### [Given data]
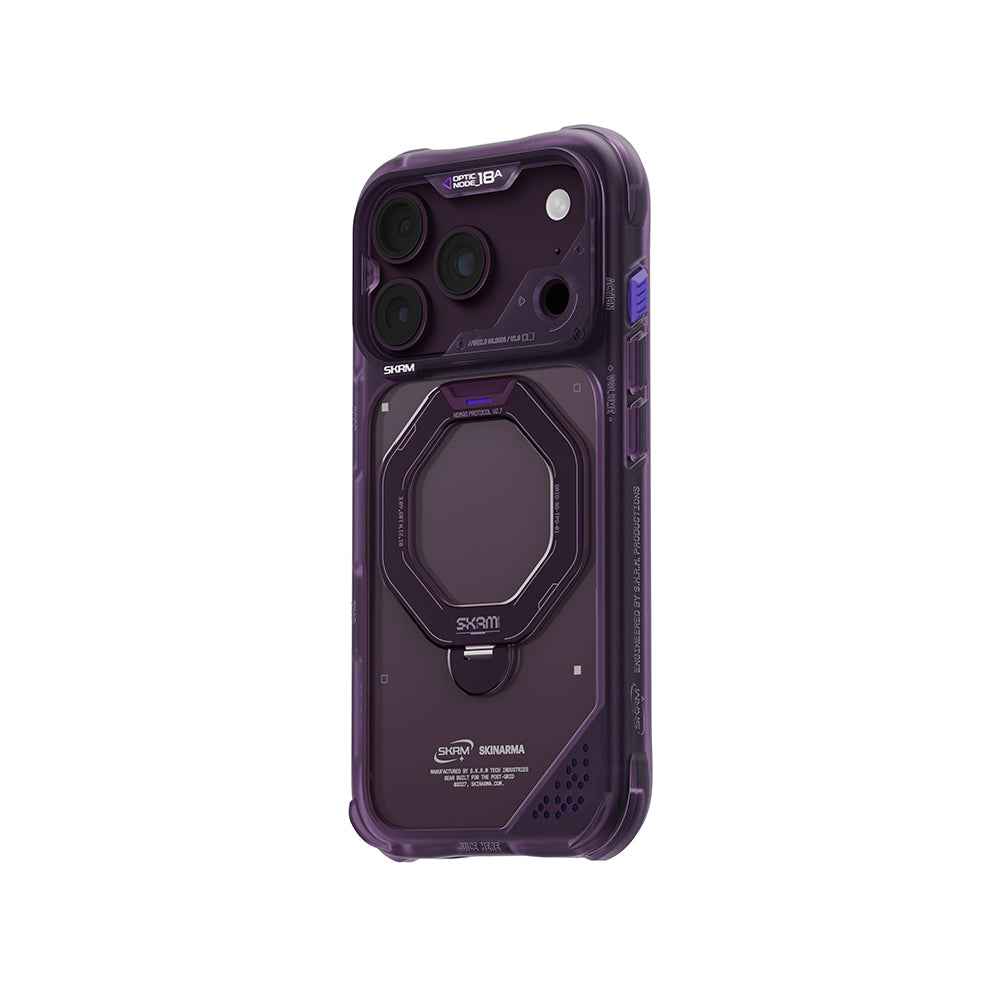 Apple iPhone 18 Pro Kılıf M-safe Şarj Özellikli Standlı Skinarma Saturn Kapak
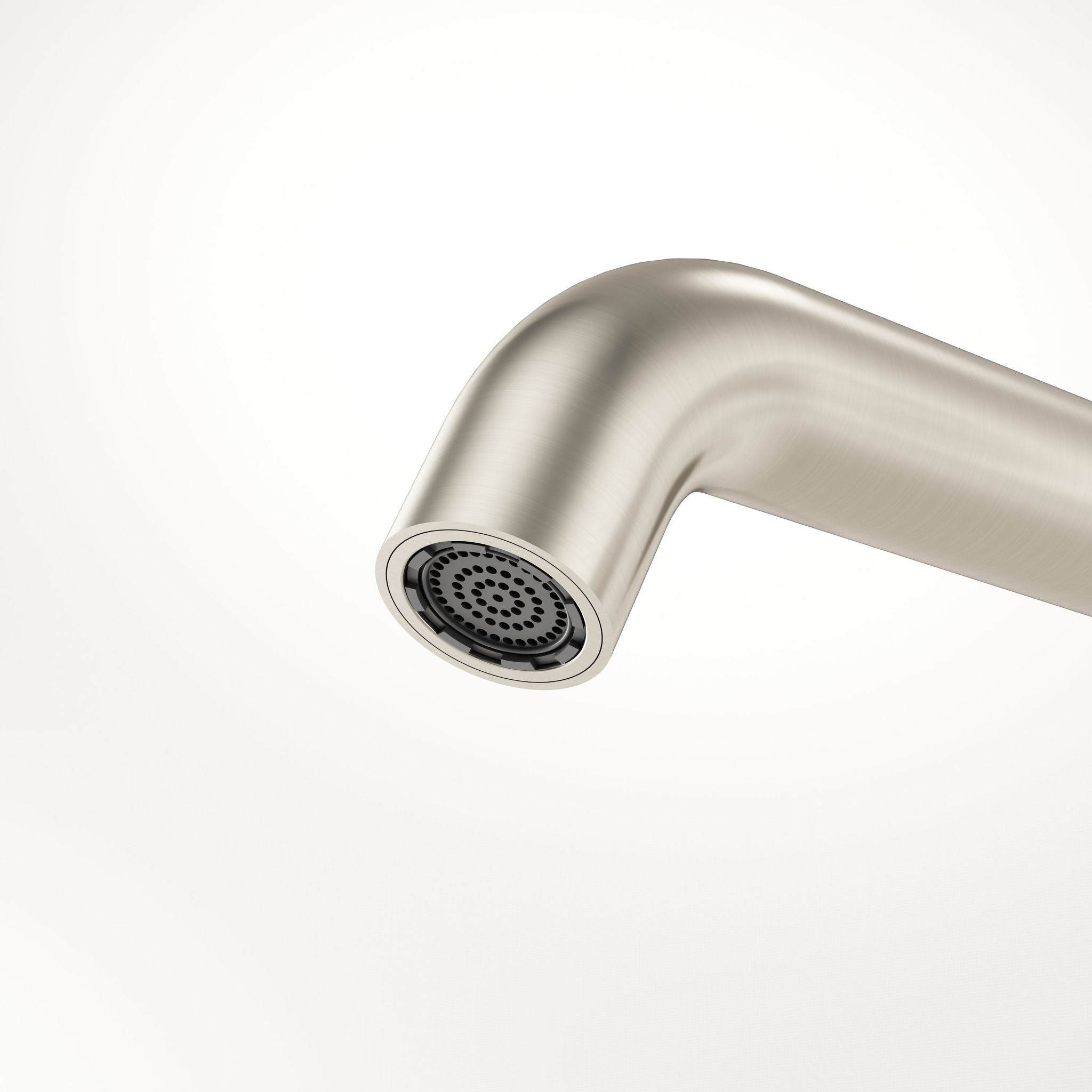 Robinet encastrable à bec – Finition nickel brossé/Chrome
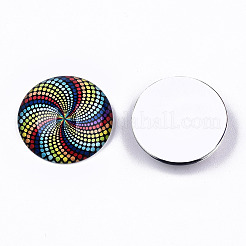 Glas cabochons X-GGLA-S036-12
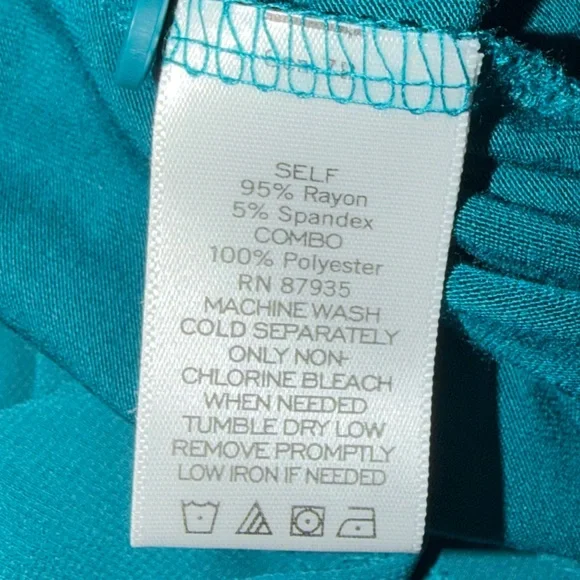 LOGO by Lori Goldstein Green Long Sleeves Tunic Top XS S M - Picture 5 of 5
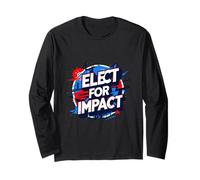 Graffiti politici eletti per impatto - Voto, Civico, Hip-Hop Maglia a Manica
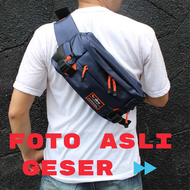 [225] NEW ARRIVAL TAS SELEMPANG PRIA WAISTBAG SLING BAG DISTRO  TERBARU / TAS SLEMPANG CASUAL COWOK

### [Task to complete]
Restate all of the material above word for word, excluding the pictures.

### [Response box]
 Apple iPhone 18 Pro Kılıf M-safe Şarj Özellikli Standlı Skinarma Saturn Kapak
 Robinet encastrable à bec – Finition nickel brossé/Chrome
 Glas cabochons X-GGLA-S036-12
 LOGO by Lori Goldstein Green Long Sleeves Tunic Top XS S M - Picture 5 of 5
 Graffiti politici eletti per impatto - Voto, Civico, Hip-Hop Maglia a Manica
 [225] NEW ARRIVAL TAS SELEMPANG PRIA WAISTBAG SLING BAG DISTRO  TERBARU / TAS SLEMPANG CASUAL COWOK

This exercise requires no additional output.